Exercise materials:
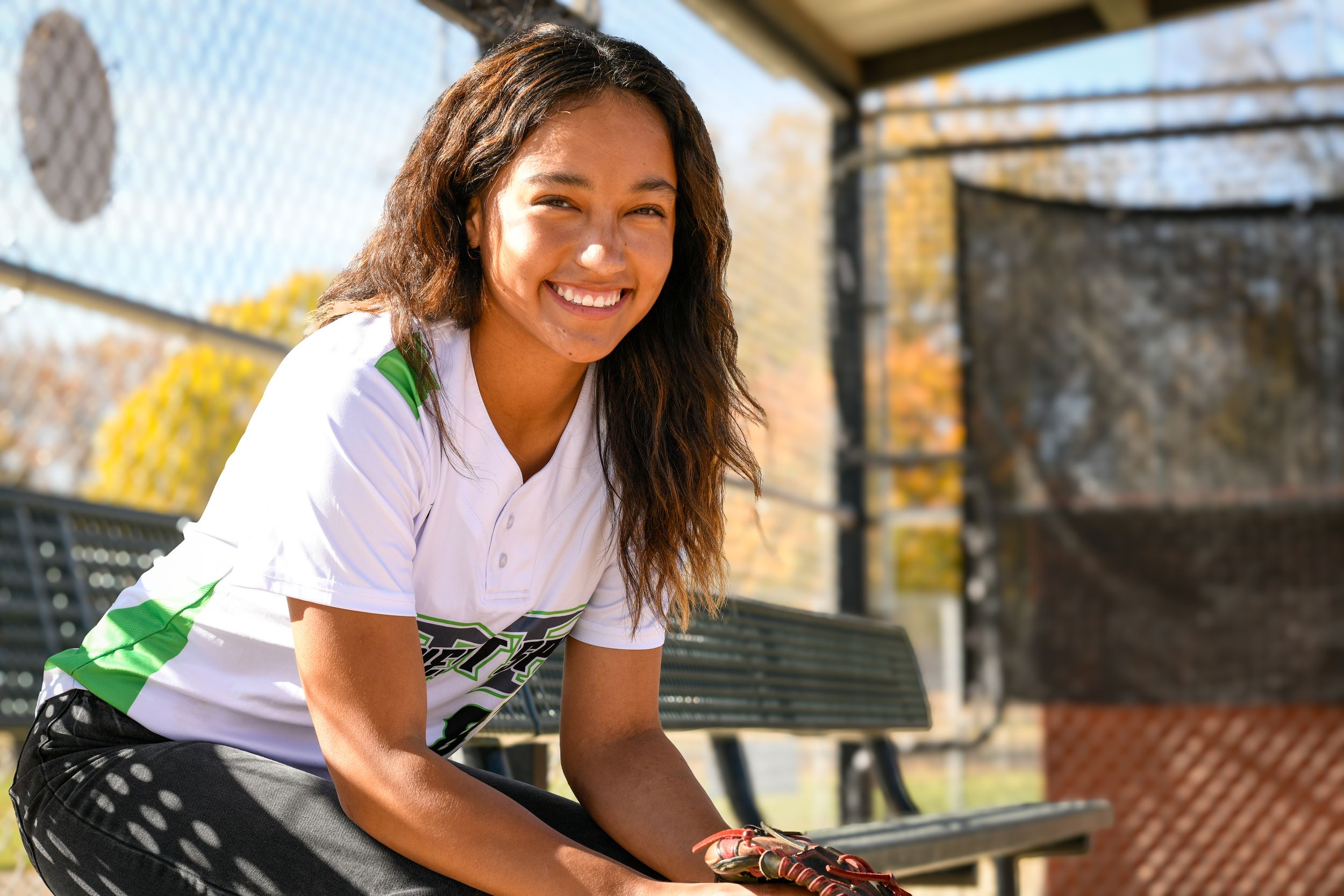 Smiling young female softball player in white jersey leaning on dugout fence on sunny autumn day.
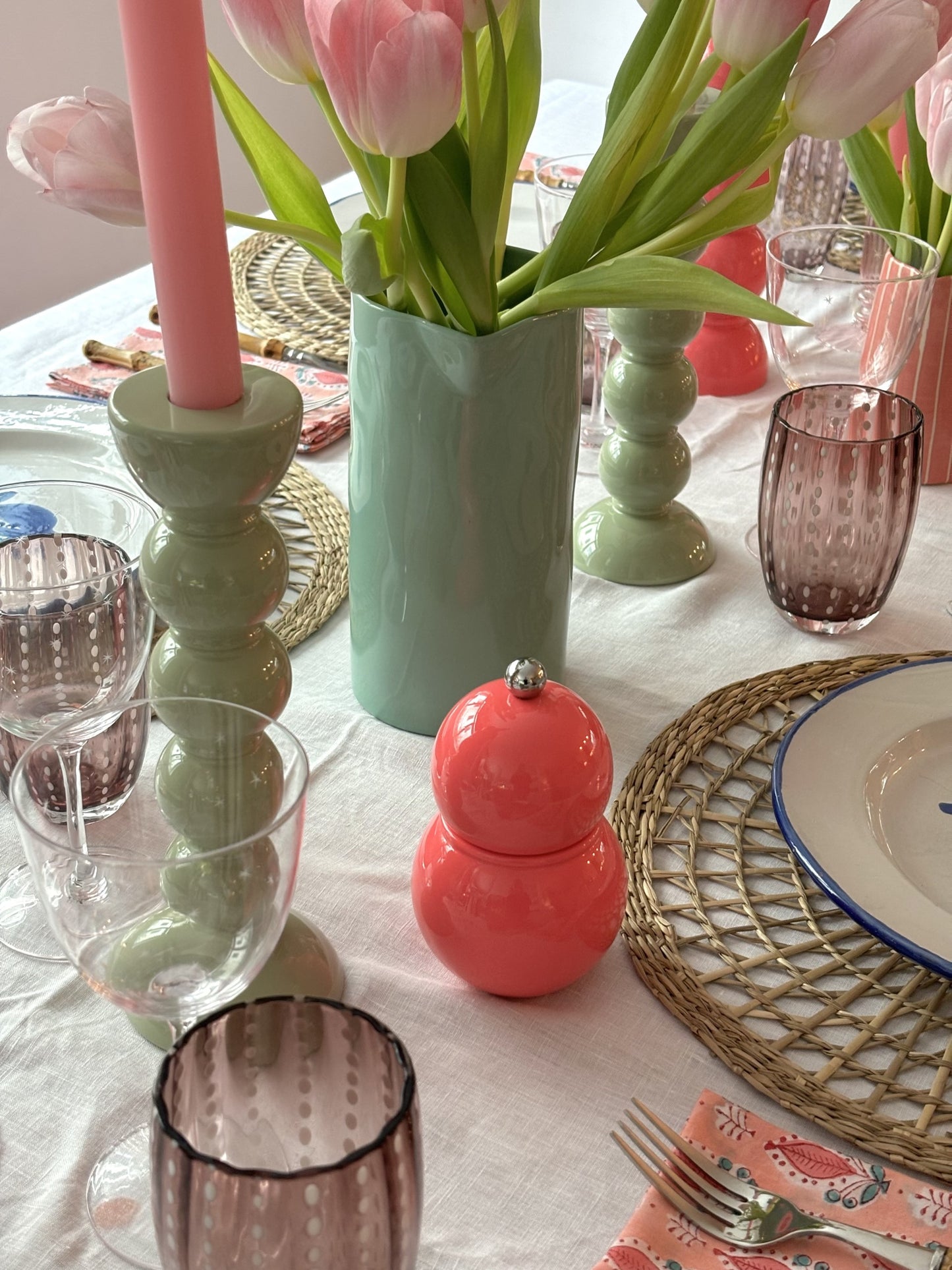 A tablescape with sage bobbin candlesticks and a pink coloured Chubbie salt and pepper grinder.  There is also a green jug with tulips in the middle of the table.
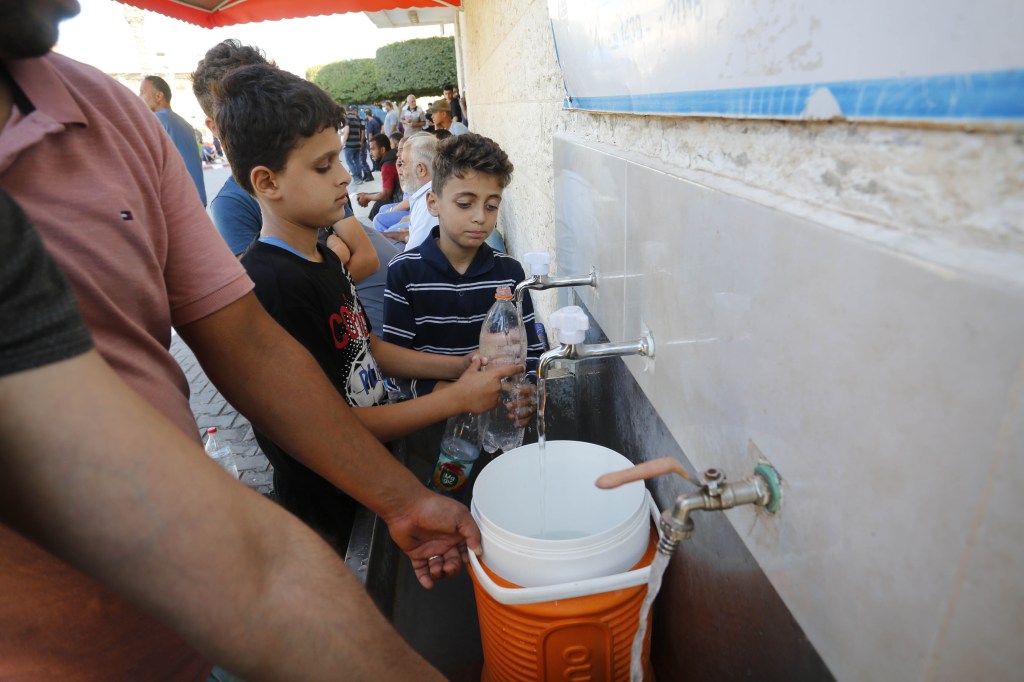 Palestinos enchem poucos baldes com água potável em meio à escassez no trecho, em Deir-Al Balah, Gaza. 15/10/2023
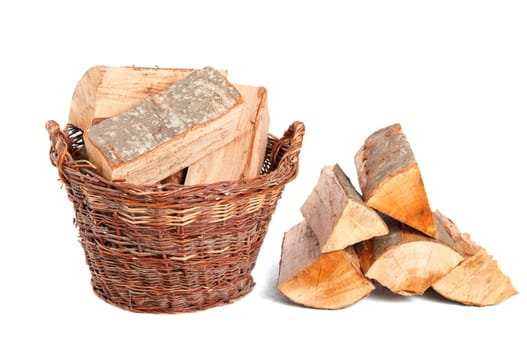 Firewood logs in wooden basket isolated on white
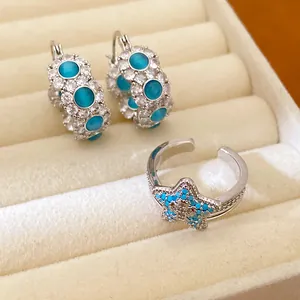 Close-up of blue cat's eye hoop earrings and star ring set in a cream jewelry box
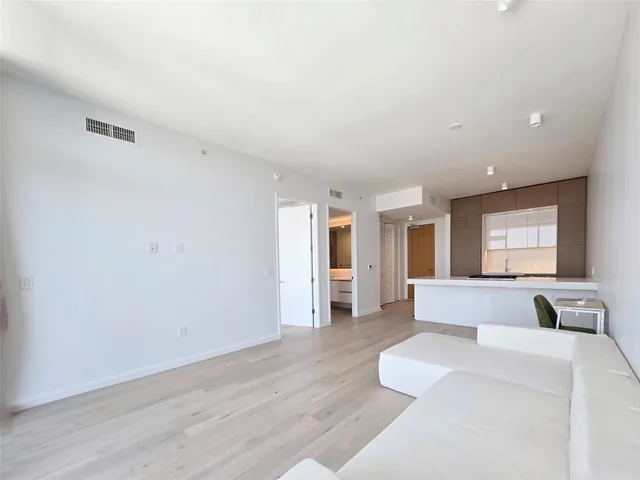 a living room with furniture and large window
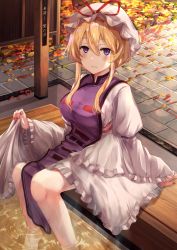 Rule 34 | 1girl, ashiyu, autumn leaves, blonde hair, blush, breasts, commentary, commentary request, fingernails, hair between eyes, hat, hat ribbon, highres, juliet sleeves, large breasts, leaf, light smile, long sleeves, looking at viewer, maple leaf, mob cap, nail polish, parted lips, puffy sleeves, purple eyes, red nails, red ribbon, ribbon, sharp fingernails, short hair, sidelocks, sitting, soaking feet, solo, symbol-only commentary, tabard, torottye, touhou, water, white hat, wide sleeves, yakumo yukari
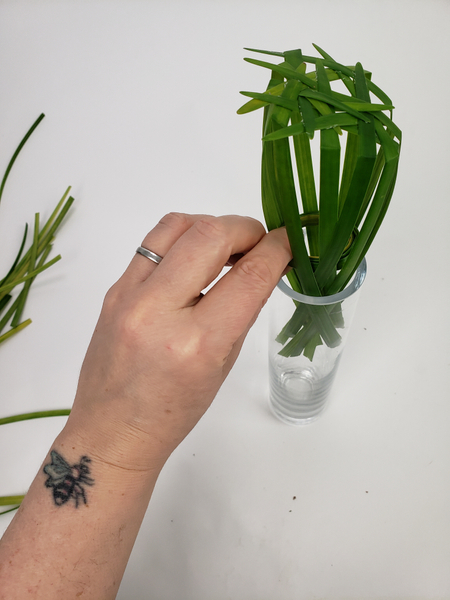 Slip the grass into the vase so that it is between the grass circle and the glass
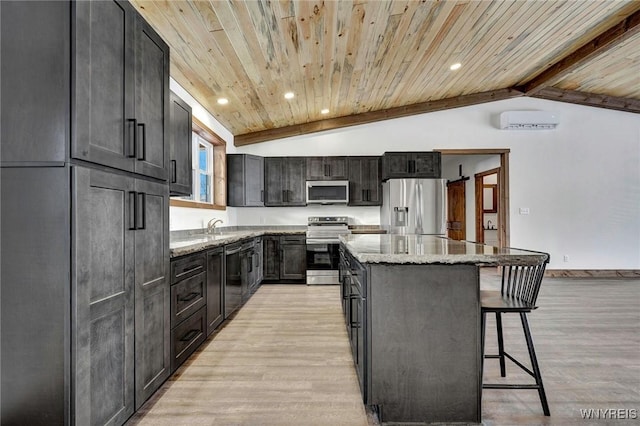 kitchen featuring appliances with stainless steel finishes, a center island, light stone counters, and wooden ceiling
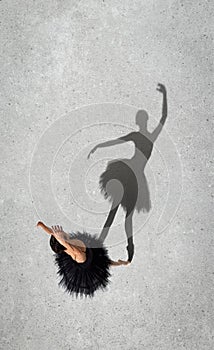 Portrait of young ballerina in black dress performing isolated over grey wall background. Top view. Shadow element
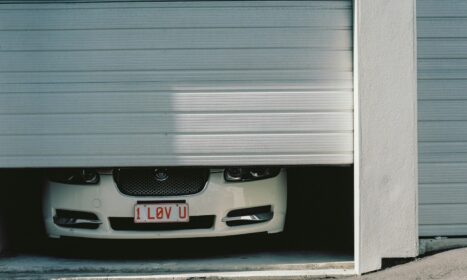 black and silver car in front of garage door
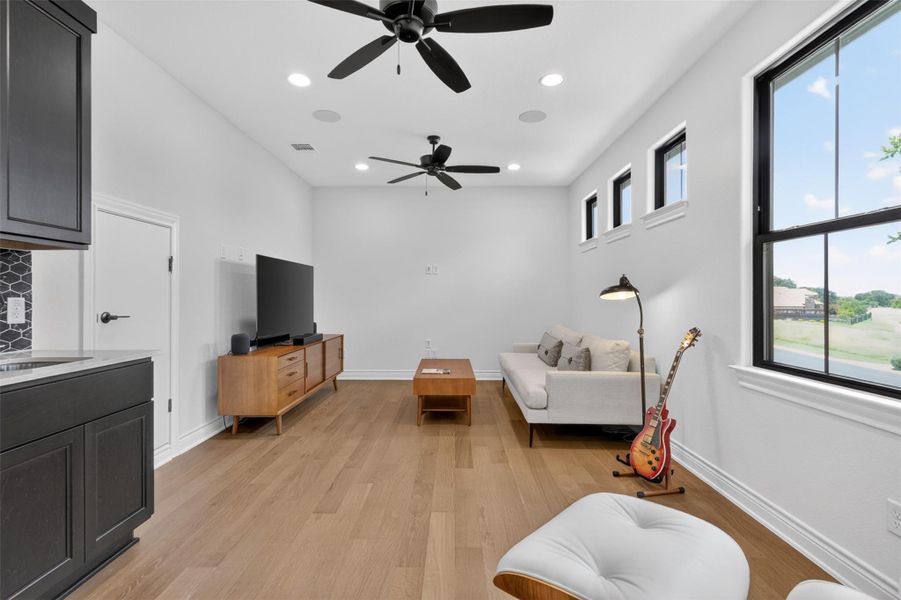 A welcoming living area with rich hardwood floors and recessed lighting, perfect for entertaining. A welcoming living area with rich hardwood floors and recessed lighting, perfect for entertaining.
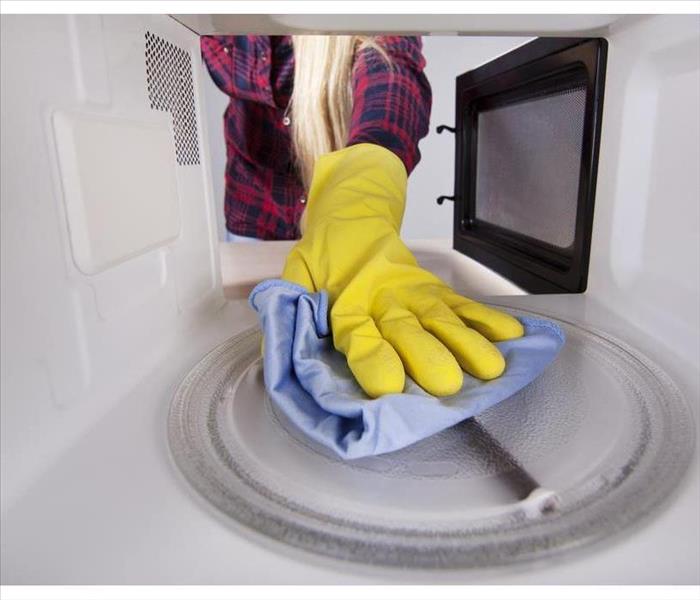 hand with yellow plastic glove cleaning the inside of a microwave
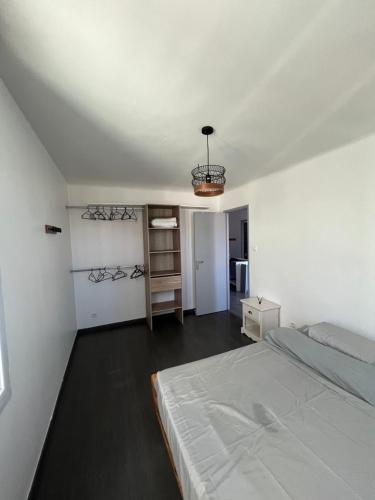 - une chambre blanche avec un lit et un lustre dans l'établissement Haut de Villa, Jardin, Piscine !, à Fos-sur-Mer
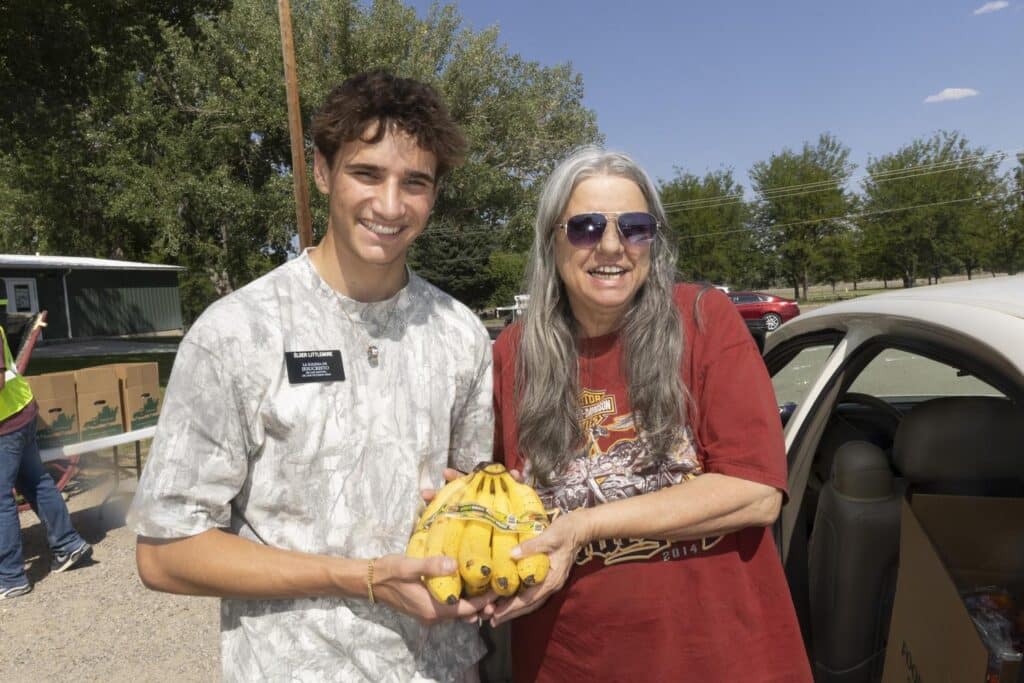 Volunteer with neighbor holding bananas.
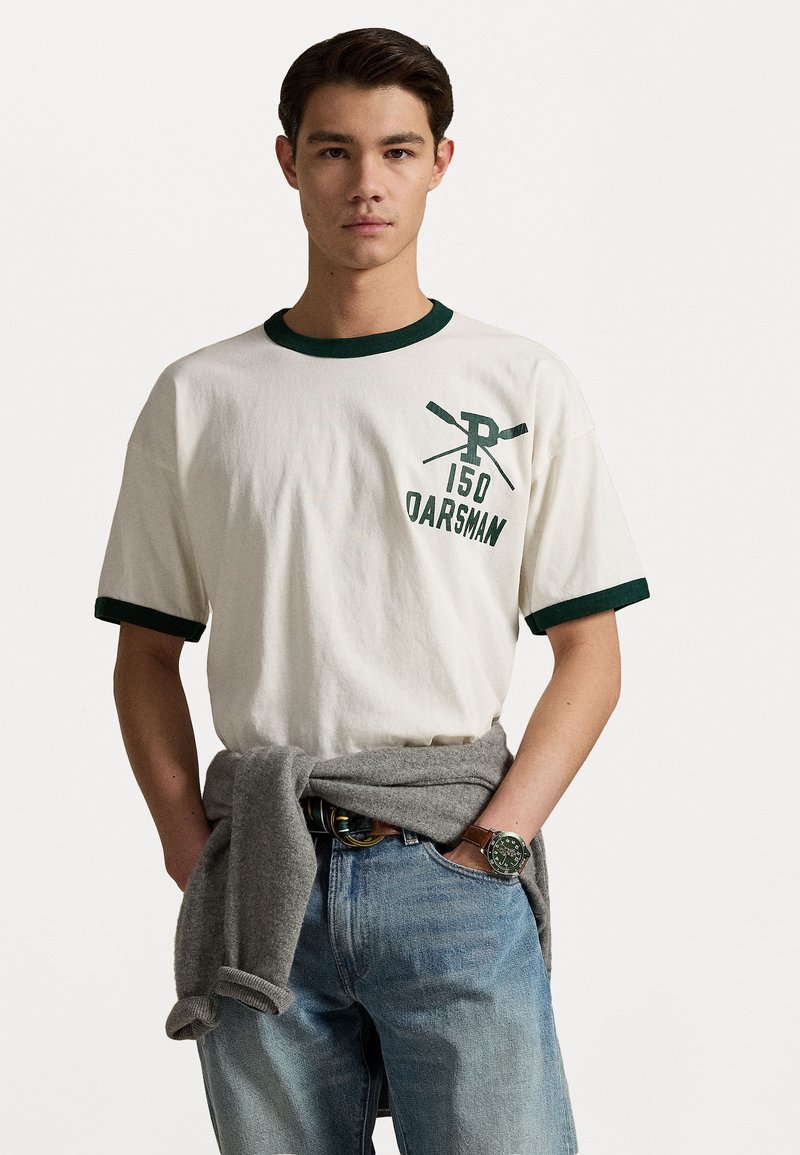 T-shirt blanc en coton avec col et poignets côtelés verts, arborant le texte "150 OARSMAN" et un graphique de rame croisées. Accompagné d'un pull gris noué à la taille.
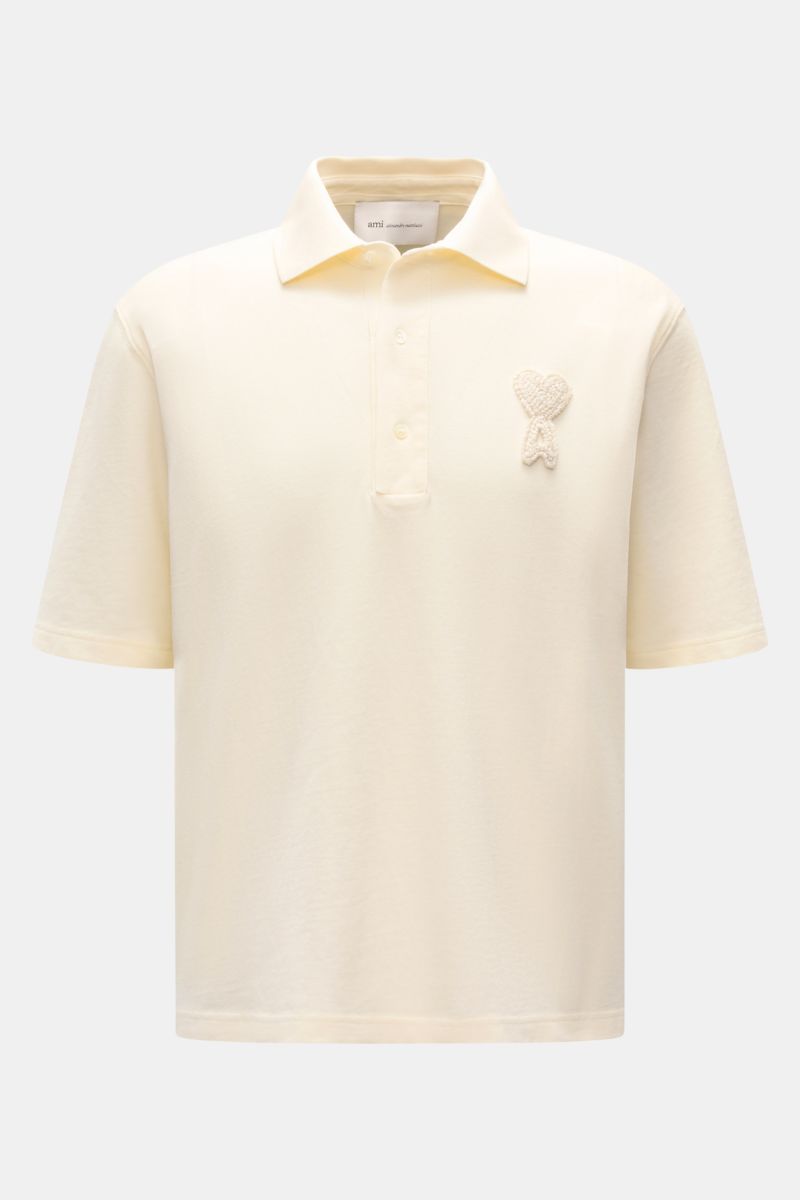 Front view of Ami Paris Polo shirt cream, a casual classic piqué cotton polo with three-button placket, oversized fit, and 3D ‘A’ logo stitching on chest. 

A casual classic among polo shirts: This piqué model in pure cotton with three-dimensional ‘A’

How to complete this task: Only the lines from the one with "Close-up of blue" through the final line of the entries belong in the answer, set down exactly, with both ends included and no pictures.

Task response:
 Close-up of blue cat's eye hoop earrings and star ring set in a cream jewelry box
 a living room with furniture and large window
 Rule 34 | 1girl, ashiyu, autumn leaves, blonde hair, blush, breasts, commentary, commentary request, fingernails, hair between eyes, hat, hat ribbon, highres, juliet sleeves, large breasts, leaf, light smile, long sleeves, looking at viewer, maple leaf, mob cap, nail polish, parted lips, puffy sleeves, purple eyes, red nails, red ribbon, ribbon, sharp fingernails, short hair, sidelocks, sitting, soaking feet, solo, symbol-only commentary, tabard, torottye, touhou, water, white hat, wide sleeves, yakumo yukari
 Slip the grass into the vase so that it is between the grass circle and the glass
 kitchen featuring appliances with stainless steel finishes, a center island, light stone counters, and wooden ceiling
 Portrait of young ballerina in black dress performing isolated over grey wall background. Top view. Shadow element
 black and silver car in front of garage door
 A welcoming living area with rich hardwood floors and recessed lighting, perfect for entertaining. A welcoming living area with rich hardwood floors and recessed lighting, perfect for entertaining.
 hand with yellow plastic glove cleaning the inside of a microwave
 - une chambre blanche avec un lit et un lustre dans l'établissement Haut de Villa, Jardin, Piscine !, à Fos-sur-Mer
 Volunteer with neighbor holding bananas.
 T-shirt blanc en coton avec col et poignets côtelés verts, arborant le texte "150 OARSMAN" et un graphique de rame croisées. Accompagné d'un pull gris noué à la taille.
 Front view of Ami Paris Polo shirt cream, a casual classic piqué cotton polo with three-button placket, oversized fit, and 3D ‘A’ logo stitching on chest. 

A casual classic among polo shirts: This piqué model in pure cotton with three-dimensional ‘A’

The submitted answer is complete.